Crítica Sara Figueiredo Costa 2 Junho 2025

Dias-a-fio
Alexandre Piçarra
Chili Com Carne

Há tabaco com fartura neste livro de Alexandre Piçarra, e não é apenas no cinzeiro que se vai enchendo e esvaziando de beatas à medida que se somam as histórias. Dias-a-fio tem cenário na Lisboa dos anos 1990 a 2010, um tempo suficientemente longo para acompanharmos algumas mudanças (novas drogas que circulam, edifícios que se constroem), e os diferentes episódios espelham vertentes da cidade e do seu quotidiano que não servem de postal turístico, mas que retratam fielmente algumas vidas. O tabaco, esse, não é apenas adereço ou vício, mas um modo de enganar a ansiedade e fingir que, apesar da adrenalina e da fúria, a desilusão não atravessa grande parte destas histórias.
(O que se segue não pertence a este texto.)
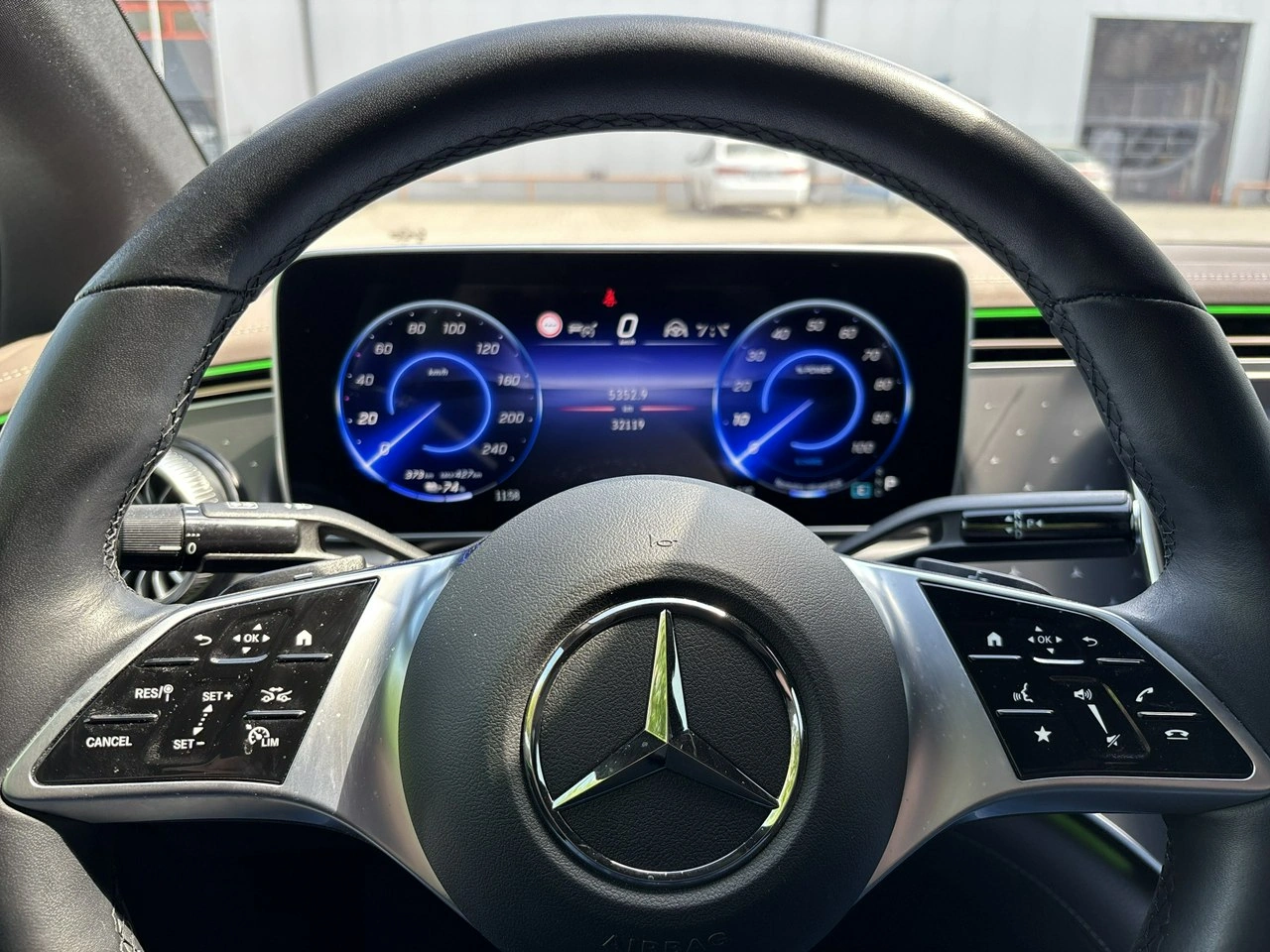 Mercedes EQE - Zdjęcie 27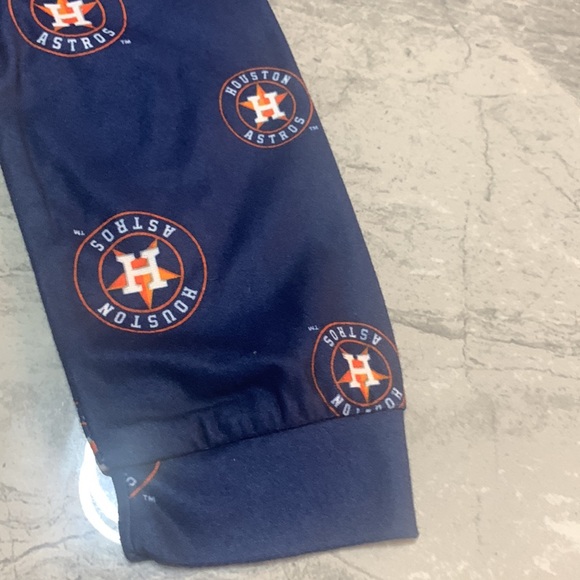 MLB - GENUINE MERCHANDISE - Houston Astros - Pajamas - Baseball - 2T - Picture 14 of 16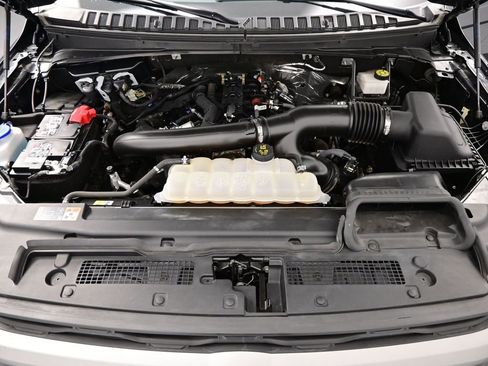 Used 2024 Ford Expedition XLT image 47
Não conhecemos a vida e o passado destas personagens com detalhe, nem tal faz falta para a narrativa que aqui se constrói, alicerçada em episódios soltos que permitem intuir um fio quotidiano ao longo dos anos que vão passando. Entre cigarros fumados às escondidas, blasfémias que se confessam ao padre e algumas sessões de pancada, os miúdos indisciplinados do primeiro episódio vão crescendo, mas não é tanto acompanhar com precisão a história de cada um que faz viver este livro; é, antes, a visão fragmentada de um conjunto de vidas que se vão desenvolvendo nos intervalos mais ou menos avariados da sociedade. Dias-a-fio não é uma história com princípio, meio e fim, nem apresenta qualquer espécie de moral que permita às boas consciências conhecerem um fim justo, merecido ou redentor para qualquer das personagens. A vida é o que é, certamente emergindo como tal de uma série de condicionantes de ordem social, económica e política, mas os episódios que aqui se desfiam e a unidade que formam no seu conjunto parece mais interessada em mostrar, em entrar no espaço do quotidiano e das suas tensões, do que em contar uma história que encontre culpados e vítimas.

O traço de Alexandre Piçarra é fino, nervoso, riscado, próximo do registo daqueles desenhos que se faziam com fúria e esferográfica na margem do caderno escolar, para passar o tempo, enganar o tédio, despejar alguma raiva contra o mundo. Entre estações de caminhos de ferro grafitadas, boleias na garupa do eléctrico, fugas à polícia e substâncias várias – dos shots contínuos às drogas sintéticas – as personagens de Dias-a-fio surgem com fisionomias quase grotescas e sempre com semblante de quem está pronto para as duas reacções instintivas da sobrevivência: fugir ou lutar. Quando as revistas dos anos 90 e 2000 abraçaram uma suposta modernidade e desataram a publicar longos artigos, sempre muito ilustrados, sobre as supostas tribos urbanas, esqueceram-se de confirmar que as fronteiras não estavam tanto entre os punks e os betos, os metaleiros ou os chungas, gente que tantas vezes usava a farpela para tentar amparar-se nalguma identidade colectiva; as fronteiras estiveram sempre nas classes, no acesso que cada um e cada uma tinha ou não tinha a essa ilusão chamada “elevador social”, e ainda hoje andamos a colher os restos dessa fantasia. Os grafitis nas estações, as drogas na rua, os abusos de poder policial e uma certa ideia de no future, esses ainda cá andam todos.

Uma nota extra textual: Dias-a-fio é o vencedor da última edição do concurso Toma lá 500 paus e faz uma BD, uma organização da editora Chili Com carne que tem permitido a tantos e tantas autoras de banda desenhada concretizarem os seus projectos e partilharem-nos com o público leitor através de livros.